WASHINGTON – If you’ve ever had a nearby coffee shop or convenience store close its doors, you know that it can be hard to go without that mid-morning or afternoon pick-me-up, even if your wallet may thank you for not spending the extra money.
Here at WTOP, the beloved Starbucks across the street closed earlier this year. On average, according to our unscientific survey, WTOP staffers are saving $14.12 a week by not making a daily trip to Starbucks.
In a time of tight budgets, the money saved from not indulging in a daily soy latte can really add up. Some estimated that they saved as much as $25 a week by not buying food and drinks from the coffee chain.
“I was always very cheap — I would only buy the basic coffee,” says Jason Miller of Federal News Radio Radio, WTOP’s sister station. “Now I either bring it from home, or don’t spend it.”
Miller estimates that he’s saving $8 to $10 a week by skipping the morning coffee purchase.
According to personal finance expert Jordan Goodman, founder of Jordan Goodman Financial and Tax Planning, if a 25 year old saves $14.12 a week by not visiting Starbucks on a daily basis, she would save $3,671.20 a year. By the time she turned 65 years old that would total $146,848.

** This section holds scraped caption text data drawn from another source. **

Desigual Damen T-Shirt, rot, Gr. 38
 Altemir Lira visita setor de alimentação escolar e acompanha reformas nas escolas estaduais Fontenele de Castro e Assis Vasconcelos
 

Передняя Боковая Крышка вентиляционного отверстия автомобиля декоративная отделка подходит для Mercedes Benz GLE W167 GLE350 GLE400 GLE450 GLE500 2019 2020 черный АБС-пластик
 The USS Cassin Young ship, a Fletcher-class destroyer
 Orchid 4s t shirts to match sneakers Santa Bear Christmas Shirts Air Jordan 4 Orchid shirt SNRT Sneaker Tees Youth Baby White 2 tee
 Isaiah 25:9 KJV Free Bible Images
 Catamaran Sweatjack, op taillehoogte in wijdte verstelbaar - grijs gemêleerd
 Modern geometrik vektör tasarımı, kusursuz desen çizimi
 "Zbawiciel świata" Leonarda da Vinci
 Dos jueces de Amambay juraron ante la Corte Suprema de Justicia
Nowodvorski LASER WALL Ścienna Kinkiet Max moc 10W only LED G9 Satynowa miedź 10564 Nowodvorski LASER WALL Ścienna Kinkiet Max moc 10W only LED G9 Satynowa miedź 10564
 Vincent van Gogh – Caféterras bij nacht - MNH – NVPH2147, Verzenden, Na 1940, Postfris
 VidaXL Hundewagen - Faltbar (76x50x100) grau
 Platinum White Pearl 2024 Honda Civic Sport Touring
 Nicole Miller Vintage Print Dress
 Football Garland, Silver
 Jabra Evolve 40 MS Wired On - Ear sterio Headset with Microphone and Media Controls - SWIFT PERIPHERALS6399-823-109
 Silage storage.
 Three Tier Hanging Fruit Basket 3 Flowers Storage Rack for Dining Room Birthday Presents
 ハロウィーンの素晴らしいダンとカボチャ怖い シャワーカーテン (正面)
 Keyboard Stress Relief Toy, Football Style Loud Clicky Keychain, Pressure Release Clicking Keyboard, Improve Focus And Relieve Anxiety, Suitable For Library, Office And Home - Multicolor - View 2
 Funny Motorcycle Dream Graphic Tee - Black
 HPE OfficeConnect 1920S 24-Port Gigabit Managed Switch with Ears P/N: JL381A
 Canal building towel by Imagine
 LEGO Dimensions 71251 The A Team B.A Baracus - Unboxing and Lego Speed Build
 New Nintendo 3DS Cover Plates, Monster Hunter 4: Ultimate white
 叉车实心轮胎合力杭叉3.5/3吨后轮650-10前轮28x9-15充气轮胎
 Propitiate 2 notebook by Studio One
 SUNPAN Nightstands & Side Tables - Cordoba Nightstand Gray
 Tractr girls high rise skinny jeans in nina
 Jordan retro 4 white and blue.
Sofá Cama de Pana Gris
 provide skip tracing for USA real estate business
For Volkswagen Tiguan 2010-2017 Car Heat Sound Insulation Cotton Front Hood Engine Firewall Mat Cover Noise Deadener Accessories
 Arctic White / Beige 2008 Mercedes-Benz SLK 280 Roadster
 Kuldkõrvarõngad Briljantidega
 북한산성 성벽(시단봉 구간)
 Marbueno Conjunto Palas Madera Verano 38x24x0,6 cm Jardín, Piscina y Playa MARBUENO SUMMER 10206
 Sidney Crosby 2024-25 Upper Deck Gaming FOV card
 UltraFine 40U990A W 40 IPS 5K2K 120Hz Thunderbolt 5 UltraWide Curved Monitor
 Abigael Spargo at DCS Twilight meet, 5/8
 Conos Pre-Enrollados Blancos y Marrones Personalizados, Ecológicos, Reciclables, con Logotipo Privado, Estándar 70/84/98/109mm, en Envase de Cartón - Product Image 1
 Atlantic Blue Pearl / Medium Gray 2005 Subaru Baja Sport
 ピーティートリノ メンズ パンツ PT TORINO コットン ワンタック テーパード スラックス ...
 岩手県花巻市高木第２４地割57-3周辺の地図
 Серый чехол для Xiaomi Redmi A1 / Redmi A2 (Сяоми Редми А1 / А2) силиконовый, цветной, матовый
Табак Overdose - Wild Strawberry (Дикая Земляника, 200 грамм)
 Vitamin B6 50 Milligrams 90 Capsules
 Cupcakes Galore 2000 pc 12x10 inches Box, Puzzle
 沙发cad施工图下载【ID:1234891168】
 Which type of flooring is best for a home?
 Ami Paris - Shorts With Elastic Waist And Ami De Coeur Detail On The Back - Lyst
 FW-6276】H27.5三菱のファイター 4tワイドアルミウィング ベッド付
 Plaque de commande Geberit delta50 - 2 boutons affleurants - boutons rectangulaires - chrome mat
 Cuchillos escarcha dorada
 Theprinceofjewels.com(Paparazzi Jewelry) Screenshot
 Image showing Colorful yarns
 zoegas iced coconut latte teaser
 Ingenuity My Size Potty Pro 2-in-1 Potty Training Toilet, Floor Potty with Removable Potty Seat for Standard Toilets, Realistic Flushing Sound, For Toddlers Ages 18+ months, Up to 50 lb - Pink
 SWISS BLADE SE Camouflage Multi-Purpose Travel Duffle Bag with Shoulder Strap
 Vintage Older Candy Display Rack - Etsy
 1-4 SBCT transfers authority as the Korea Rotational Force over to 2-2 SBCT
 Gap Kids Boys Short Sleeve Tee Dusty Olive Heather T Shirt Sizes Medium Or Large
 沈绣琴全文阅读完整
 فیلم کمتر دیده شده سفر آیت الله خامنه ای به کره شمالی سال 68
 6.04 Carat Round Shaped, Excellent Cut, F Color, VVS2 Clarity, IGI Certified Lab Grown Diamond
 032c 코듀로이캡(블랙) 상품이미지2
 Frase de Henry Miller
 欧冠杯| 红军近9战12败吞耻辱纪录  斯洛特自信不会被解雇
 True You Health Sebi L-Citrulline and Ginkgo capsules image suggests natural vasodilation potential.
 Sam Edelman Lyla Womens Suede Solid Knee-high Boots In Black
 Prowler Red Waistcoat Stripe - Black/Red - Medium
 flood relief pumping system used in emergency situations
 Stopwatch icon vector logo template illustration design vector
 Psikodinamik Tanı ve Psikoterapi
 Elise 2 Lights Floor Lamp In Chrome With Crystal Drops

“If you invested that money at a 5 percent return, you could buy eight cars,” he says. “It would make a big difference in your retirement. The point is, little money adds up over time. We call it the ‘latte factor.'”
At almost $5 for a large (or “venti”) flavored latte, Starbucks is not always a cheap indulgence. However, some people would rather pay the price than go without freshly brewed coffee.
“My quality of life has seriously taken a hit,” jokes Mike Gartell, WTOP’s managing editor. But he says his wallet is enjoying saving $2 every day.